Multi-Dimension Visualization in Python Part I

Data visualization helps us to explore and review data easily. It is much better than a table or a long long paper. Most of time the visualization work is limited to 2-D. In this article, I am going to introduce how to plot and explore multi-dimension data (1-D to 6-D).

Firstly import the libraries we need:

import pandas as pd
import matplotlib.pyplot as plt
from mpl_toolkits.mplot3d import Axes3D
import matplotlib as mpl
import numpy as np
import seaborn as sns
%matplotlib inline

Here we use winequanlity dataset as an example: https://archive.ics.uci.edu/ml/machine-learning-databases/wine-quality/

Before exploring the data, we do some manipulation:

# store wine type as an attribute
red_wine['wine_type'] = 'red'   
white_wine['wine_type'] = 'white'

# bucket wine quality scores into qualitative quality labels
red_wine['quality_label'] = red_wine['quality'].apply(lambda value: 'low' 
                                                          if value <= 5 else 'medium' 
                                                              if value <= 7 else 'high')
red_wine['quality_label'] = pd.Categorical(red_wine['quality_label'], 
                                           categories=['low', 'medium', 'high'])
white_wine['quality_label'] = white_wine['quality'].apply(lambda value: 'low' 
                                                              if value <= 5 else 'medium' 
                                                                  if value <= 7 else 'high')
white_wine['quality_label'] = pd.Categorical(white_wine['quality_label'], 
                                             categories=['low', 'medium', 'high'])

# union red and white wine datasets
wines = pd.concat([red_wine, white_wine])

# re-shuffle records just to randomize data points
wines = wines.sample(frac=1, random_state=42).reset_index(drop=True)
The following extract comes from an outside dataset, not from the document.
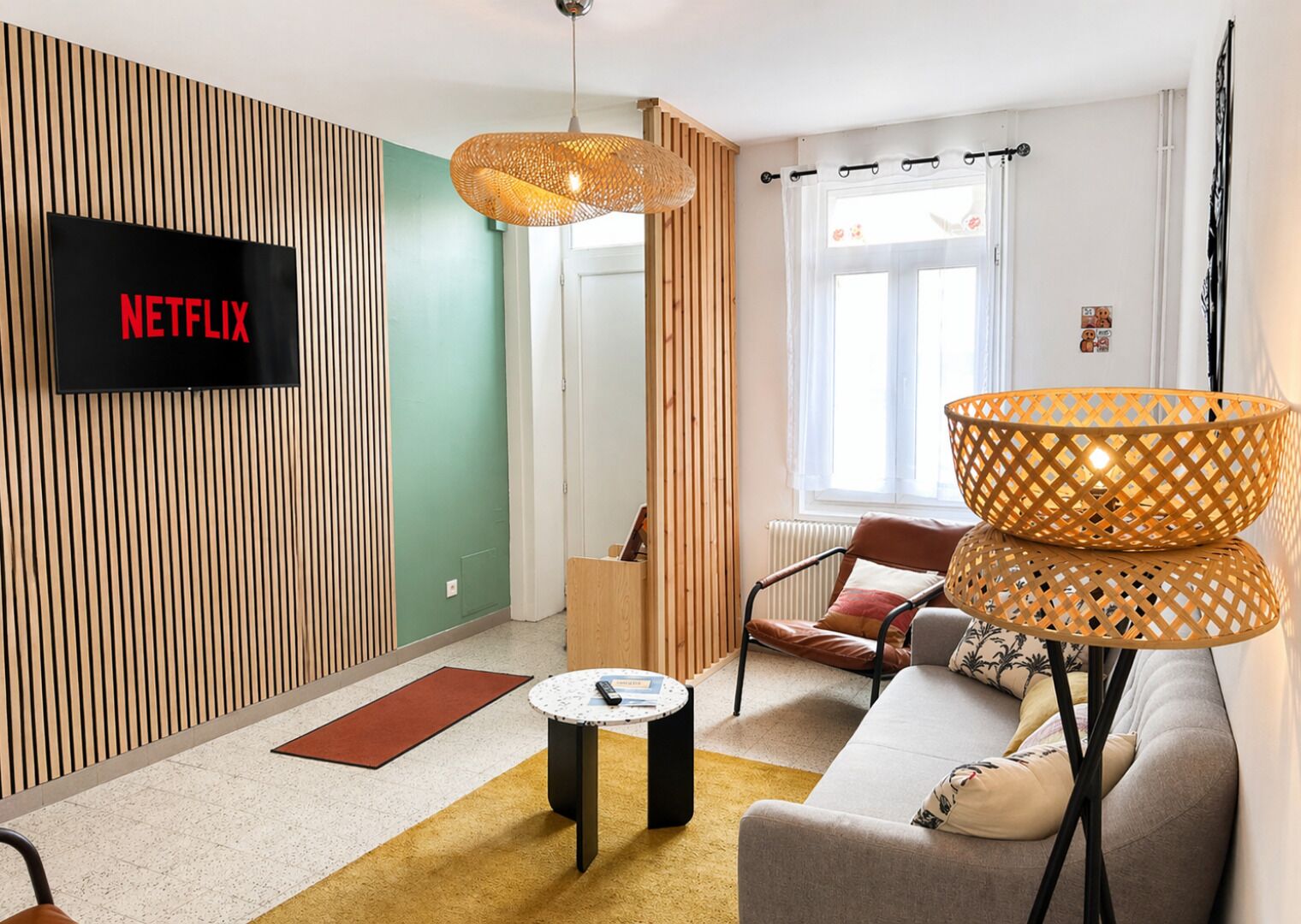 Huis | Woonruimte | Een 110-cm smart-tv met digitale zenders, Netflix en streamingdiensten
We concatenate both red and white wine to create a single wine dataset, and create a feature as “quality_label”.

  1. 1-D visualization

To display the distribution for all the attributes, Histogram is the best choice:

wines.hist(bins=15, color='steelblue', edgecolor='black', linewidth=1.0,
           xlabelsize=8, ylabelsize=8, grid=False)    
plt.tight_layout(rect=(0, 0, 1.2, 1.2)) 

It is a good idea for exploring all the attributes. Further more, let’s see another option for a continuous attribute:

# Histogram
fig = plt.figure(figsize = (6,4))
title = fig.suptitle("Sulphates Content in Wine", fontsize=14)
fig.subplots_adjust(top=0.85, wspace=0.3)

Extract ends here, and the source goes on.